The artistic aspect, including an interesting subject, attractive perspective/framing, lighting conditions, is obvious (but not always controllable by the photographer, e.g. at many sport events). So I’ll concentrate on the more technical aspects.

My “secrets” are (in order of priority):

1) Nail the focus on the main subject
2) Avoid camera shake
3) Avoid unintended motion blur
4) Get the correct exposure
5) JPEG only: Select the correct white balance
6) JPEG only: Select the correct contrast setting

ad 1) Many pictures live from their illusion of depth. This is not only achieved by choosing the appropriate perspective, but also the gradient of sharpness, which includes the choice of appropriate DOF (depth of field).
Obviously, for all this the main subject must be focussed properly to begin with. Casual focussing, such as let the camera choose the AF-point, misplacing the AF-point, trying to shoot (even only slightly) moving subjects with One Shot AF and the like, will often lead to mediocre results.
The same goes for shooting in P-mode (program automatic) instead of Tv, Av or M, because only the latter will allow you to control DOF and motion blur.

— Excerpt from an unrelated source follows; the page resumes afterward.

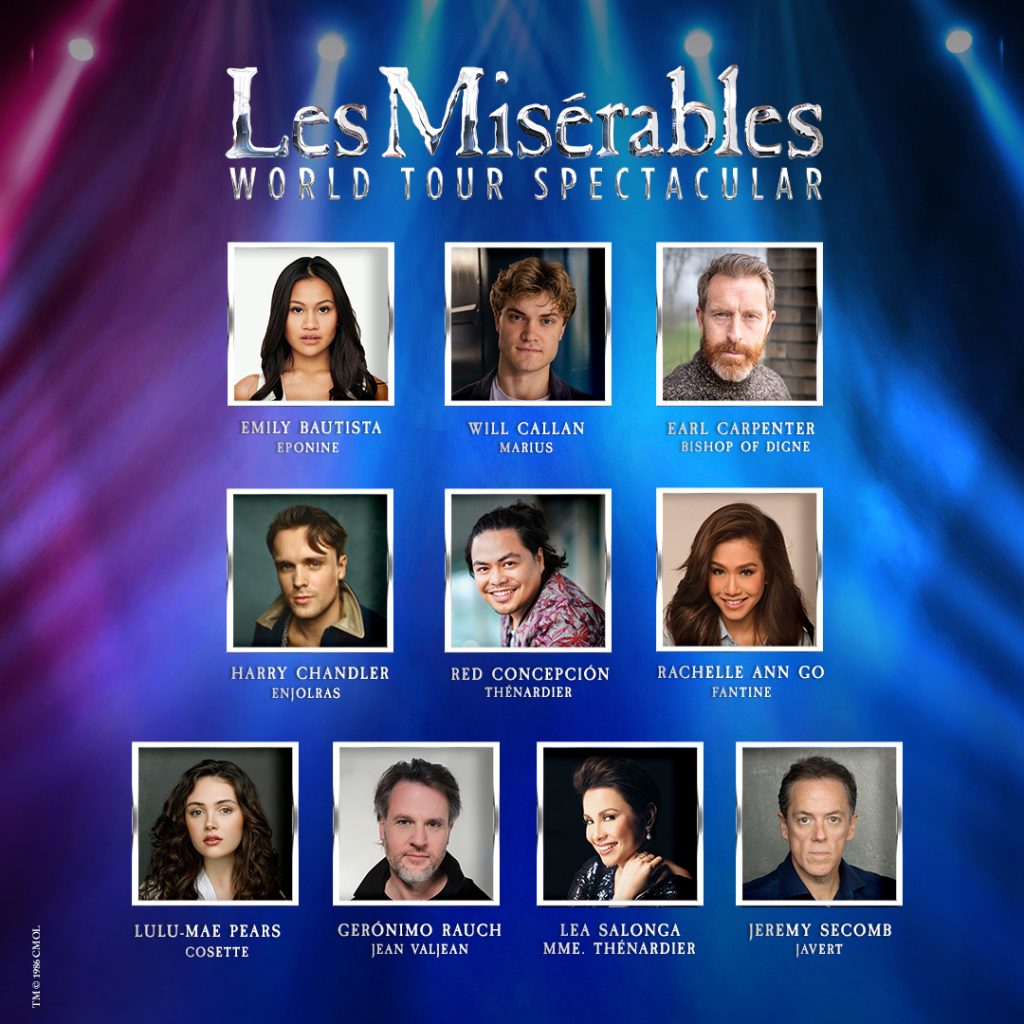 Les Miserables World Tour MNL Cast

ad 2) If you stick with traditional wisdom, which states that your shutter speed should be the reciprocal of the focal length, you will rarely get a really crisp picture, even if you calculate in the crop factor correctly. These old rule of thumb was valid for viewing a picture at “normal viewing distance” and not as a 100% pixel representation on the screen, which is equivalent to inspecting a poster-sized picture closely. There is a reason, why valid resolution tests can only be made from a tripod, with remote shutter release and sometimes even mirror lockup. For practical use, you’ll have to factor in the closer viewing distance equivalent to viewing the 100% representation on the screen (and the actual steadiness of your hand).

ad 3) Whenever you have to deal with moving subjects, you would rather want the subject sharp and the proximity blurred and not the other way round. So track the target, thus reducing the relative speed of the subject and choose a short enough shutter speed to freeze the motion on the parts of the subject that should appear sharp. Once again, every estimation on the shutter speed required, will have to deal with the modern habbits of 100% pixel peeping instead of older experiences from the film days, where normal sized prints were viewed from normal viewing distance (e.g. closest viewing distance equals the diagonal dimension of the print). To stop action on fast and/or erratically moving subjects, such as dogs, children, football players and the like, you will rarely get away with shutter speeds slower than 1/1000s – provided you fill the frame with the action. A boring WA shot of the action, showing “everything and nothing” will need much less shutter speed, but will also rarely be judged as to be breathtaking.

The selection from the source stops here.